Wells Fargo, of course, is in no danger of coming anywhere close to failing for the foreseeable future. But it’s no more likely to quadruple its share price above $200, which is what it would take to allow it to buy back the perpetual Series L. So this issue is in no danger of getting redeemed the way so many other bank preferreds have been since banks started swimming in excess capital.
Bank of America is in the same unsinkable boat as Wells Fargo as a bank too large to fail, and it too has a perpetual preferred that’s not going away any time soon. At a recent market price of $1,316, Bank of America Series L Preferred (BAC-L) was yielding an annualized 5.5% via quarterly payments of $18.125. Bank of America’s common stock would have to rise from the current $23 to $65 before the preferred could be mandatorily converted into common.
The field of master limited partnership preferreds has been thinned out a lot too just as with banks, only instead of getting redeemed many MLP preferreds went belly up when the drilling partnerships that issued them filed for bankruptcy.

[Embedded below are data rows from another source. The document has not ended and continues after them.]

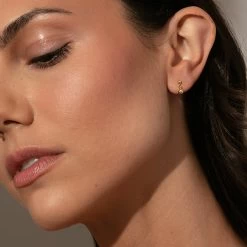 Move On Stud Earrings 9 Move On Stud Earrings -Uncommon James J14E MOVEONSTUD GOLD 1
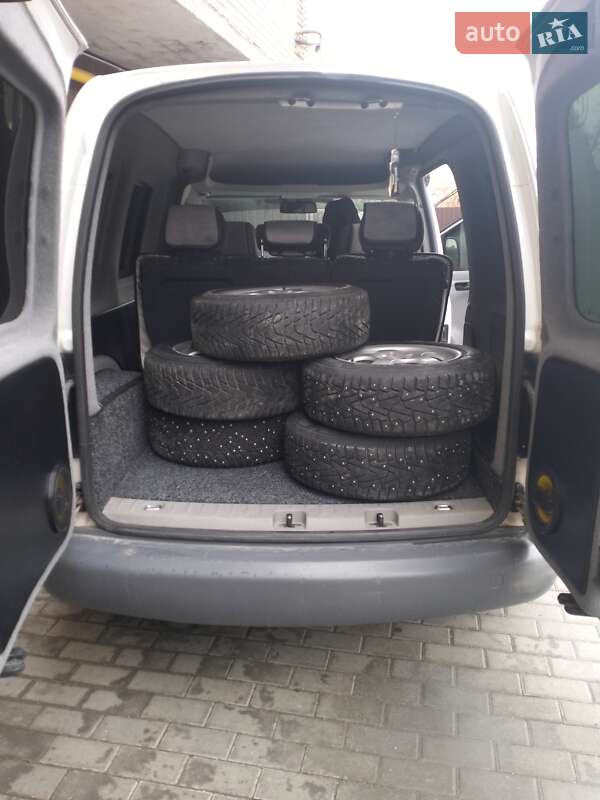 Минивэн Volkswagen Caddy 2006 в Хмельницком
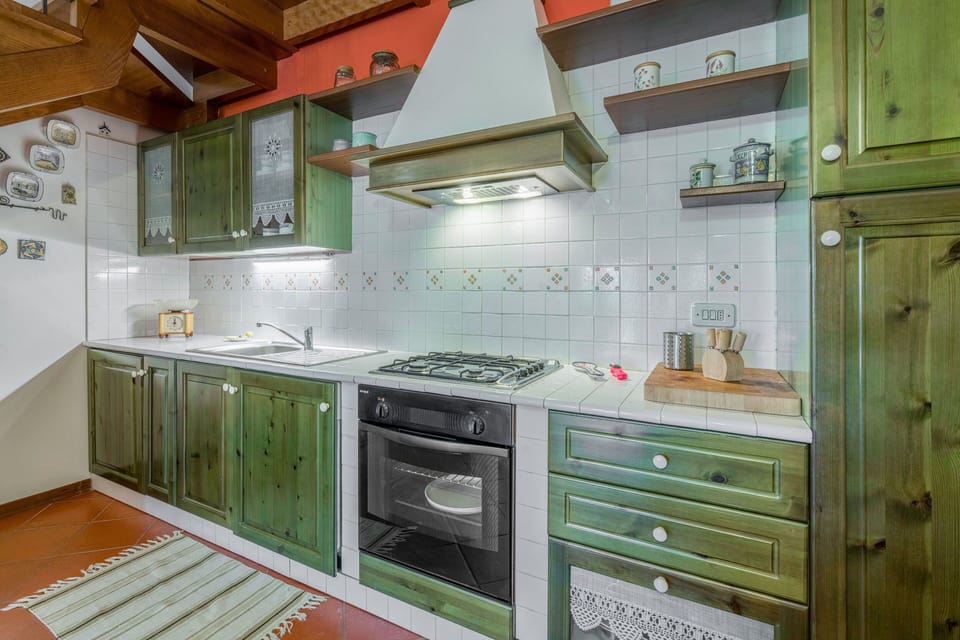House, Balcony, Hill View | Private kitchen | Full-size fridge, microwave, oven, stovetop
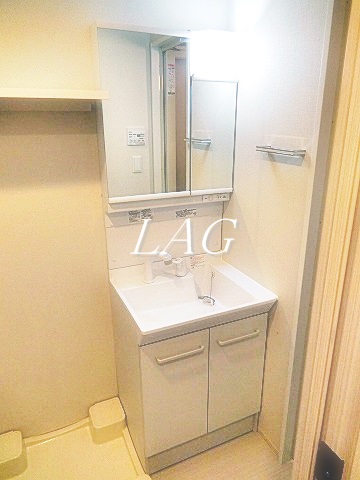 洗面設備　洗面台です。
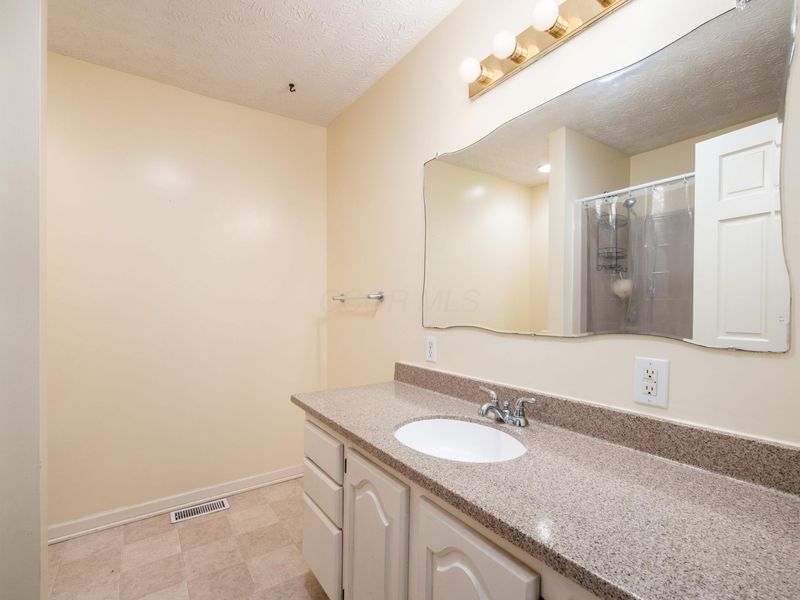 3773 Dixon Road SW, Pataskala, OH 43062 Photo 44
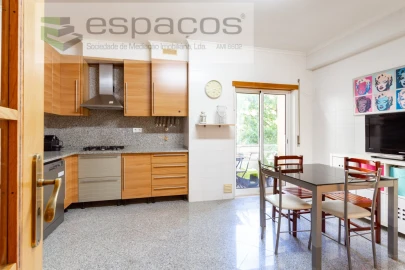 Apartamento T3 para Venda em União das Freguesias de Setúbal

Targa Resources (TRGP) was never in that boat. It is a large and well-diversified midstream operator involved in gathering and processing natural gas, gas liquids fractionation and a fuel export terminal.
Like other pipeline and gas processing plant operators it’s been hobbled but not crippled by low energy prices. This year’s cash flows are expected to cover 95-100% of Targa’s common dividend, which currently yields an annualized 8%. Common shareholders aren’t entitled to a penny unless Targa keeps paying out $0.1875 monthly on its Targa Resources Partners Series A Preferred (NGLS-A), currently trading at $26.50. That works out to an annualized yield of 8.5%.
The preferred shares are redeemable at Targa’s option for face value of $25 starting on Nov. 1, 2020, a possibility that currently looks remote. On that date the coupon converts from a fixed 9% annually to a spread of 7.71% over the one-month LIBOR (currently at 1.23%).
While there is some risk of an eventual redemption at $25 this is a secure 8.5% yield shielded from the risk of a dividend reduction on the common. I’m bullish on energy prices in 2018 but not so bullish as to dismiss that possibility in Targa’s case. The preferred shares, on the other hand, still look like a solid value.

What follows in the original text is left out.